And opens the network to abuses Tor was meant to protect against. If proof-of-destination is built into the network then that is a huge step towards invalidating the main benefit of using a VPN -- you don't want someone (your local authority) knowing where you've been. Current VPNs sort-of work by not being in your local jurisdiction. Decentralizing it makes it easier to attack.
You have proof that someone visited a specific site because it uses a value derived from that site's SSL cert. You just don't have any more knowledge than that.
> Note that such a proof is not straightforward. We firstly
prove that a ciphertext, CS N I , is the result of an encryption
without disclosing the public key nor the plaintext. This
causes the highest overhead in our construction. We use
the construction presented in [7] for this purpose.
> Then we
need to link the public key encrypted in clause two, with
the one used in clause one. For this we use a proof that two
commitments hide the same secret [5].
> Finally the third clause
can be openly computed by A given that it received the public
key from R.
> Using this, S can convince A that the tunnel created is to
a domain that the latter considers valid, without disclosing
which one.
Tor is funded by the US government, probably as a way of disseminating US propaganda during government overthrows. When conducting psyops, governments sometimes block the online channels the US uses. With them also controlling so many nodes, they can use Tor for surveillance.
Tor is funded by the us government. Why is very unclear. They may have backdoored it. They may be using it for surveillance. They are probably not using it to disseminate propaganda (they can do that over traditional channels). However, the likeliest reason (imo) for funding tor is simply that they need it themselves. There's a famous--and possibly apocryphal--anecdote from a security researcher who met an FBI agent at defcon. The security researcher brought up tor, and the FBI agent said 'oh, yeah, we have our own anonymity network like that--except it's just for the FBI'. The security researcher was unable to explain to the FBI agent why that made no sense.

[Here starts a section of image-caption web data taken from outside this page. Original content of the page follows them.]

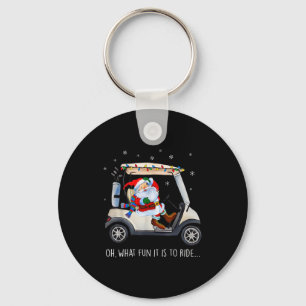 Porte-clés Oh Quelle Joie De Chevaucher Santa Conduisant Le C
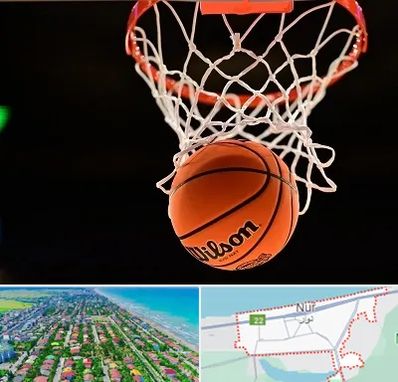 مربی بسکتبال در نور
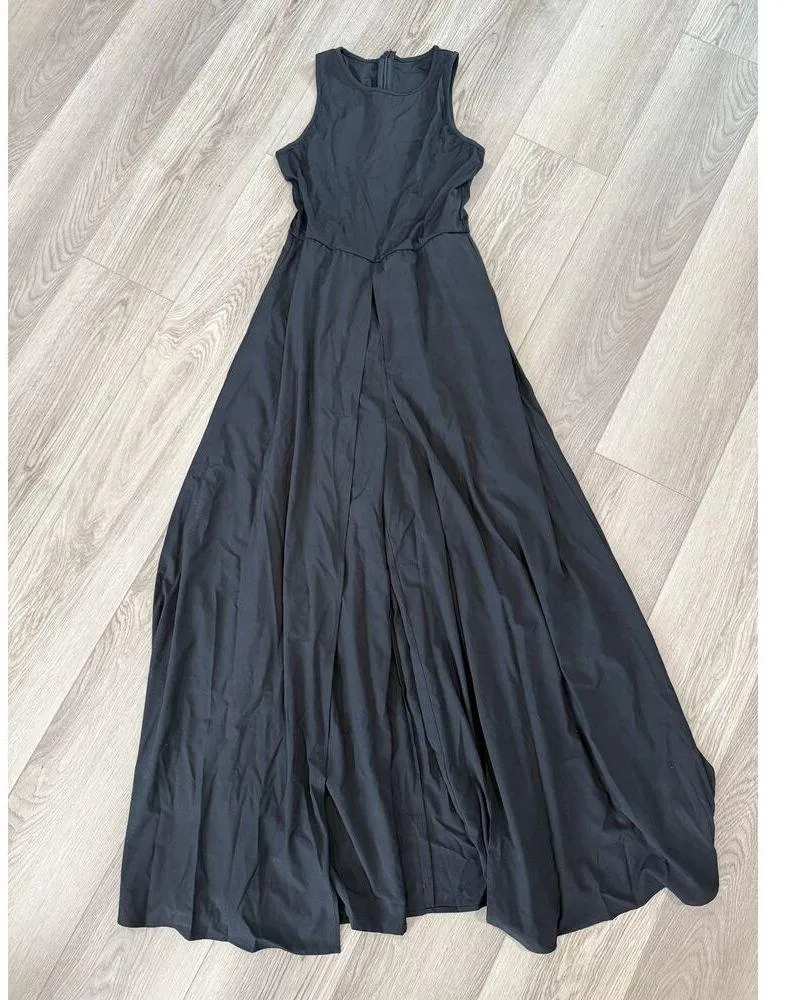 Halara Breezeful Zipper Sleeveless Pocket Contrast Quick Dry Jumpsuit Black M - Image 2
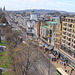 Views from the St Giles Monument in Princes Street - looking west along Princes Street towards the West End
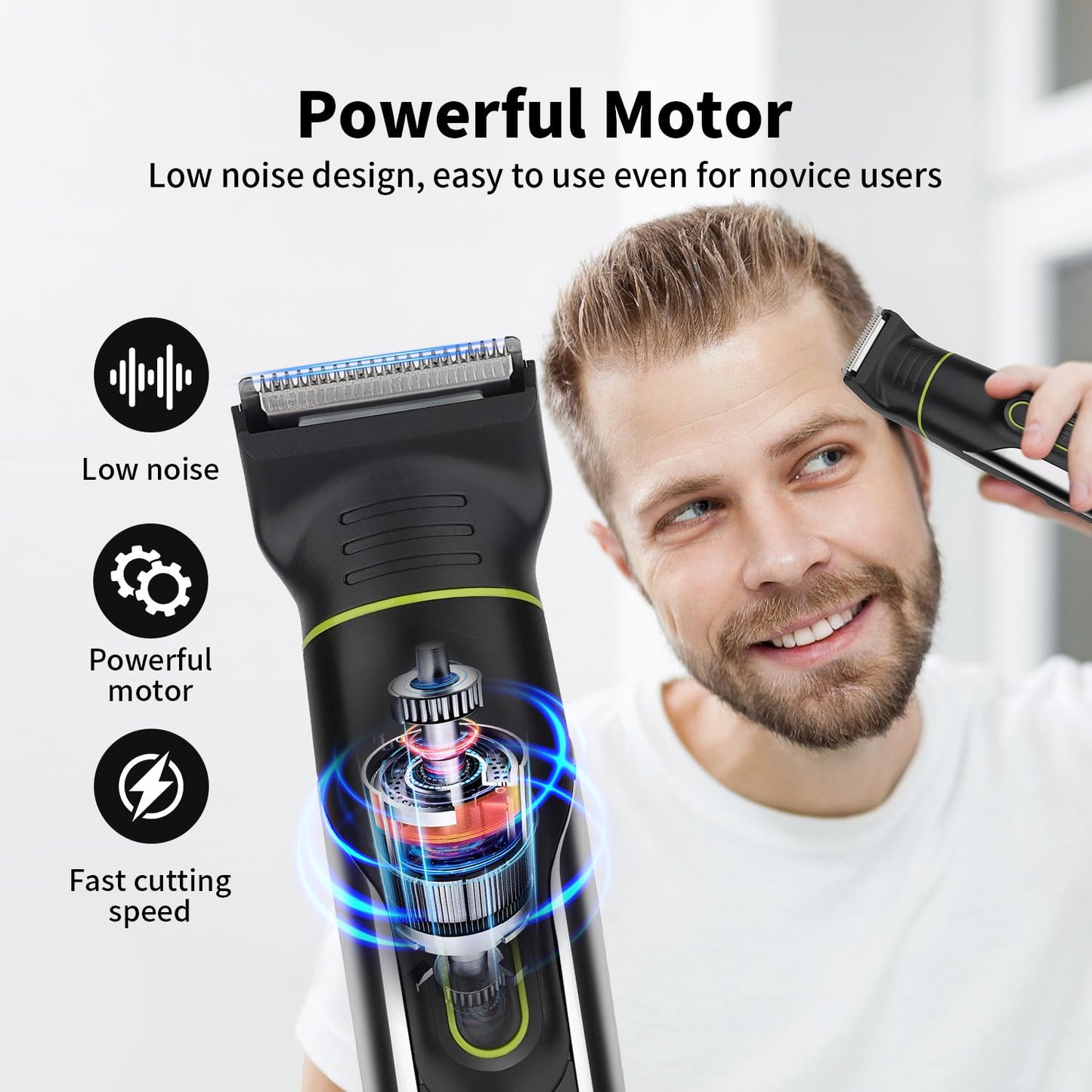 GLESVOWIO 5 in 1 Hair Clippers Adjustable Beard Trimmer for Men Professional Cordless Barber and Trimmers Set Cutting Kit Electric Shaver for Nose Ear Beauty and Personal Care GLESVOWIO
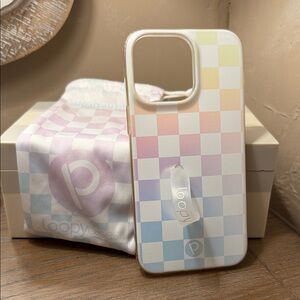 Loopy Case Pearl Checkered iPhone 14 Pro Max Phone Case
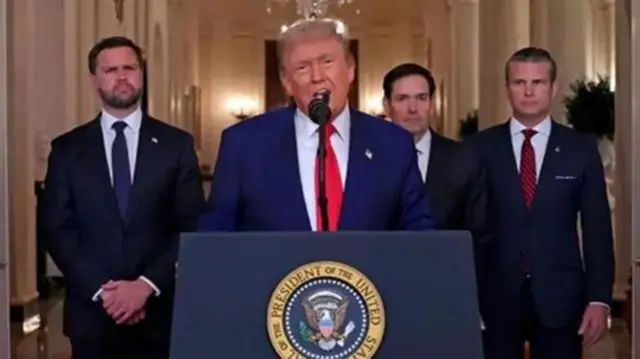 ट्रंप, रुबियो और वांस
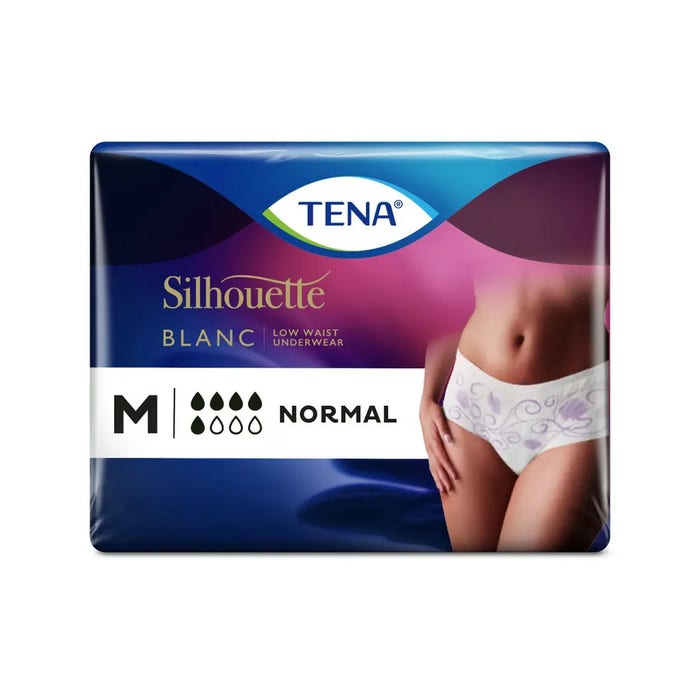 Tena Silhouette Normal Blanc Mutandine Assorbenti Taglia M 12 Pezzi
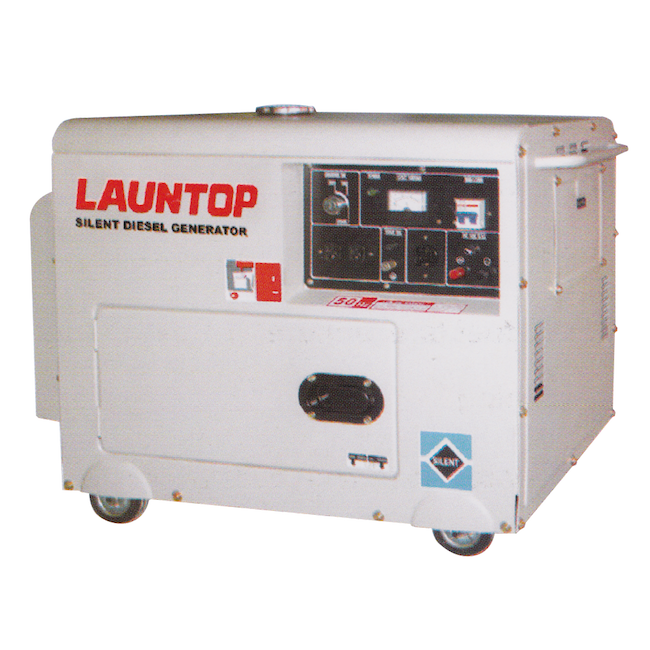 Launtop Diesel Silent Generator 5kw LDG6000S-3 - Click Image to Close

It was revealed the FBI poses as Russians when doing their digital operations; maybe that's what they meant.
Tor absolutely spreads US propaganda. The "clear net" does too. The utility of Tor is that it prevents that clear net propaganda from being firewalled.
In the case of Hong Kong, we know who funds the terrorists. They meet with them in person and have been photographed, and the US makes no secret of how much they spend on terrorism in Hong Kong. But I still wonder how guides and instructions are given to the right people. Having read many CIA documents written to terrorist groups, I do wonder how they send these to HK terror leaders in the digital age. Tor is a candidate. Number stations, I kinda doubt.
This allows edit nodes to decide what types of content will be routed to their node.